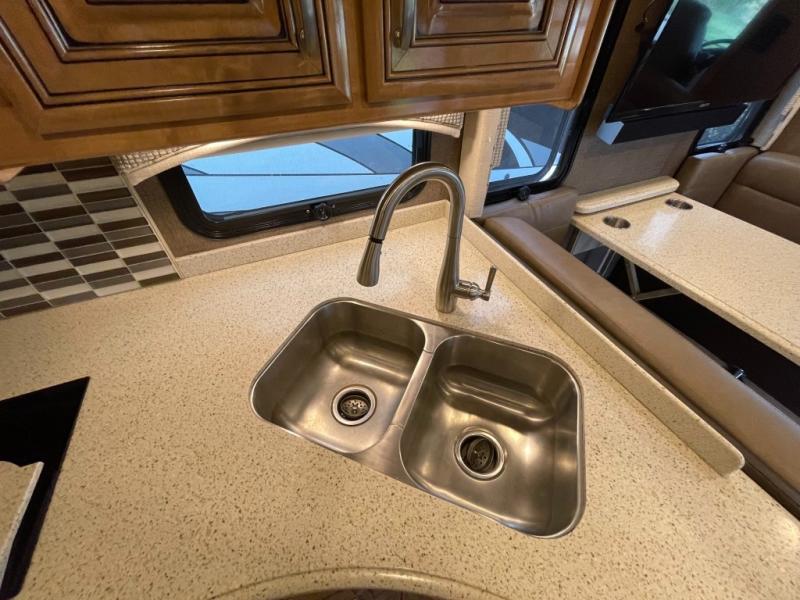 2019 Thor Motor Coach Palazzo 33.2, $ 99,990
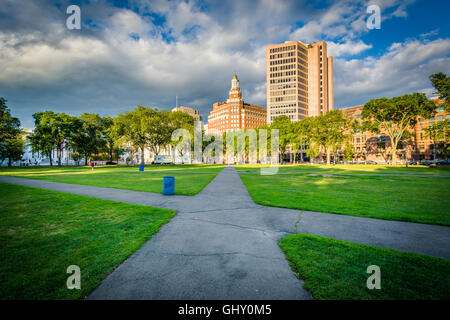 Gehwege in New Haven Green und Gebäude in der Innenstadt, in New Haven, Connecticut. Stockfoto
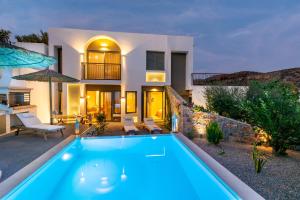 Bazén v ubytovaní Pakio Luxury Villa : Private Cretan Holidays alebo v jeho blízkosti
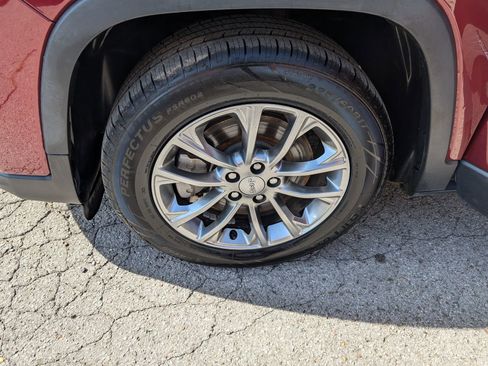 Used 2019 Jeep Cherokee Latitude Plus w/ Comfort/Convenience Group FWD image 26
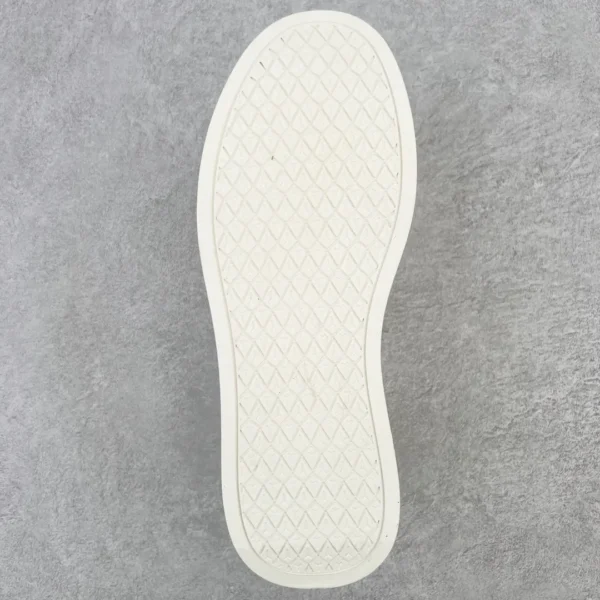 Gucci Middle Top Casual Shoes - Image 9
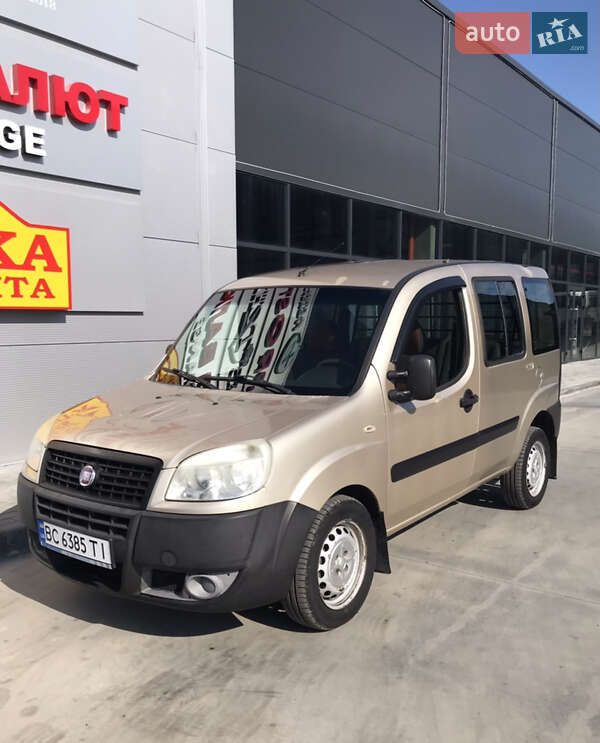Минивэн Fiat Doblo 2008 в Буске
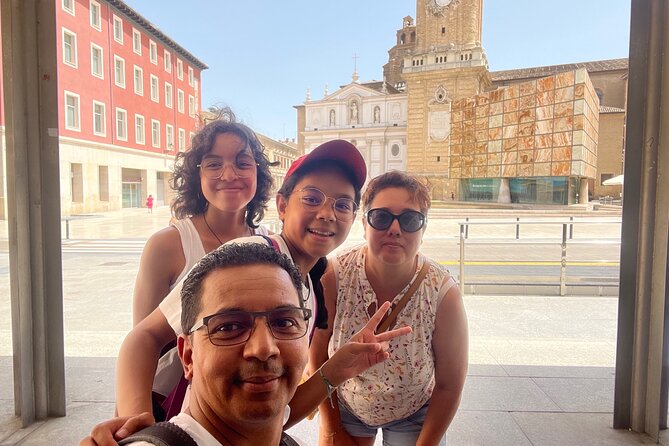 Zaragoza Scavenger Hunt and Sights Self-Guided Tour - Interactive Experience With Points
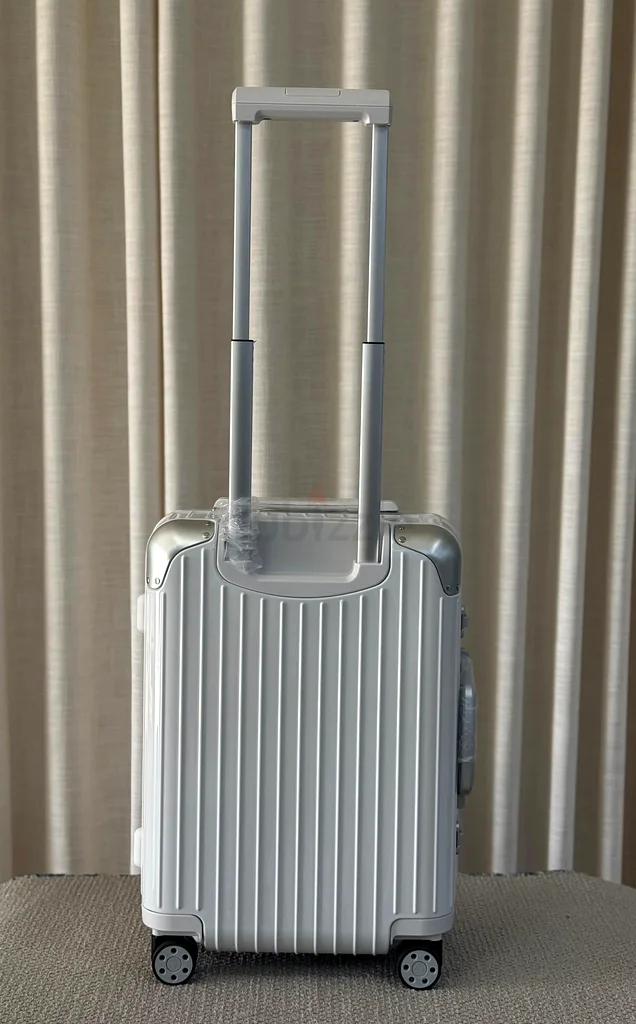 Rimowa Hybrid suitcase63233643819010113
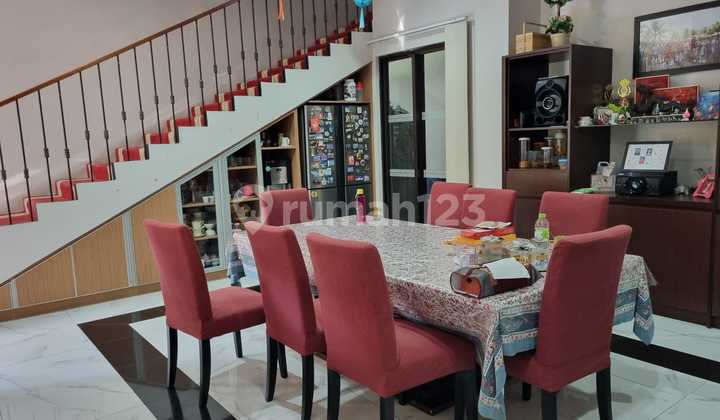 Rumah Hook di Cluster Aurora Renata Alam Sutera, Tangerang Selatan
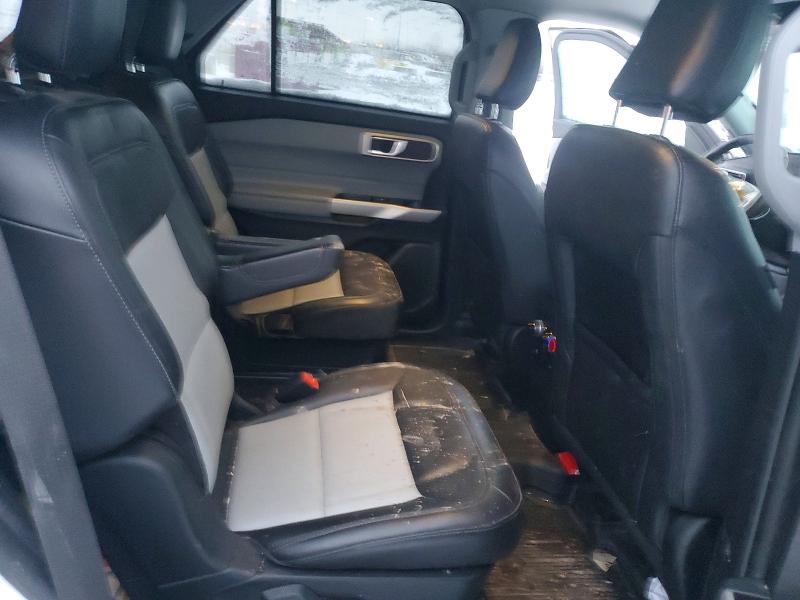 Продажа на аукционе авто 2022 Ford Explorer, vin: 1FMSK8DH7NGA06499, номер лота: 98889635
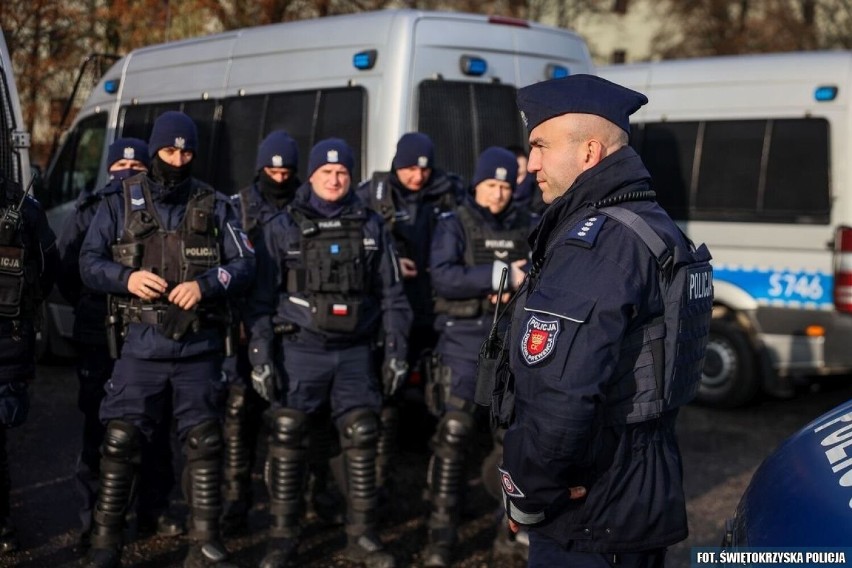 Wielkie ćwiczenia służb na stadionie w Kielcach. Wzięły w nim udział wojsko, policja, straż i pogotowie. Zobacz zdjęcia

■ Your assignment
Find the line containing "Gehwege in New" in the records above, then copy it and every line after it exactly, through the last one, without any pictures.

■ Problem solution
 Gehwege in New Haven Green und Gebäude in der Innenstadt, in New Haven, Connecticut. Stockfoto
 Bazén v ubytovaní Pakio Luxury Villa : Private Cretan Holidays alebo v jeho blízkosti
 Used 2019 Jeep Cherokee Latitude Plus w/ Comfort/Convenience Group FWD image 26
 Gucci Middle Top Casual Shoes - Image 9
Минивэн Fiat Doblo 2008 в Буске
 Zaragoza Scavenger Hunt and Sights Self-Guided Tour - Interactive Experience With Points
 Rimowa Hybrid suitcase63233643819010113
 Rumah Hook di Cluster Aurora Renata Alam Sutera, Tangerang Selatan
 Продажа на аукционе авто 2022 Ford Explorer, vin: 1FMSK8DH7NGA06499, номер лота: 98889635
 Wielkie ćwiczenia służb na stadionie w Kielcach. Wzięły w nim udział wojsko, policja, straż i pogotowie. Zobacz zdjęcia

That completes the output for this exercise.